My name is Antonio Garcia-Uceda, and I’m working on Flux Reconstruction. I’d like to know the way you compute the local time step in FR, for steady state solution. Originally I was using an approach inherited from FV (i.e. cellwise computation using cell-averaged solution values), and then apply this value to all solution points throughout the cell However I’m aware that this may over-restrict the real CFL limit at each point. Do you compute the time step rather in a pointwise manner? Thanks in advance.
PyFR does not use local time stepping; the time step is the same for all
elements in the simulation. If you're interested in solving steady
state problems there are better tools for the job (fully implicit
schemes with HP adaptivity, for example).

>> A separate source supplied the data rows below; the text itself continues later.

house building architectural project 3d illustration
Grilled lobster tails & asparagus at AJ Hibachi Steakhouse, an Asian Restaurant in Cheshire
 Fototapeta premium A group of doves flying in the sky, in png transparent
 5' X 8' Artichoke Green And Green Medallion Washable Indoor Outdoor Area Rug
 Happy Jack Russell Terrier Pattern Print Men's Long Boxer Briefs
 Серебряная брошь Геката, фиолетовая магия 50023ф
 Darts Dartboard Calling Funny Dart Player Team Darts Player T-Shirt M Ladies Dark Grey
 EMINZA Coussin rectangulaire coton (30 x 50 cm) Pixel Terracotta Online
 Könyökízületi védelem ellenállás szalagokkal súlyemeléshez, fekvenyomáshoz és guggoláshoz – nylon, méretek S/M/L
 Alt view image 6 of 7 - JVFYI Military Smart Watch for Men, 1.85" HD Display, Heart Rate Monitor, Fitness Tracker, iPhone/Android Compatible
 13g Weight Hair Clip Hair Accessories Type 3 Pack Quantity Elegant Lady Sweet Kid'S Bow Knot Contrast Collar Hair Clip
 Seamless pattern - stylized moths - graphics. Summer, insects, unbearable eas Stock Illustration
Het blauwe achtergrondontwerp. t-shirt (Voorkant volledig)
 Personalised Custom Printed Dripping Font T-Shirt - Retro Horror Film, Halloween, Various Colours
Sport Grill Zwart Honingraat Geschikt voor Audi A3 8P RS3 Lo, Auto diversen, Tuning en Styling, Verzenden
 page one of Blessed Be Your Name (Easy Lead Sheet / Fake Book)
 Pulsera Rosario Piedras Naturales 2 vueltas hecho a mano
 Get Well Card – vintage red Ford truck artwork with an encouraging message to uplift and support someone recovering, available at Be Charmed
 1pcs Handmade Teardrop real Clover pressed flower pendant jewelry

I would add that in the next release of PyFR (v0.2.3) we will have support for adaptive step-size control based on error estimating RK schemes, however this will adapt the global dt, not local dt. As Freddie says, we do not have element local dt in PyFR at the moment.
Thanks for the reply. Could you please indicate why exactly pyFR does not have local dt for steady state solutions? I mean, is there any constraint in FR different from the normal local dt used in FV?
There is no technical reason why one could not go ahead and implement
local time stepping into PyFR. However, as I said in my previous
e-mail, if you're interested in steady state solutions to the
Navier-Stokes equation there are more suitable tools and algorithms.
Btw, just curiosity, at the solution points, Do you store primitive variables, or conserved Variables x JacDet Value (i.e. u or bar_u as indicated in some papers)?
In PyFR we work exclusively in terms of conservative variables. We only
convert back to primitive files in pyfr-postp when writing out a .vtu
file for visualisation.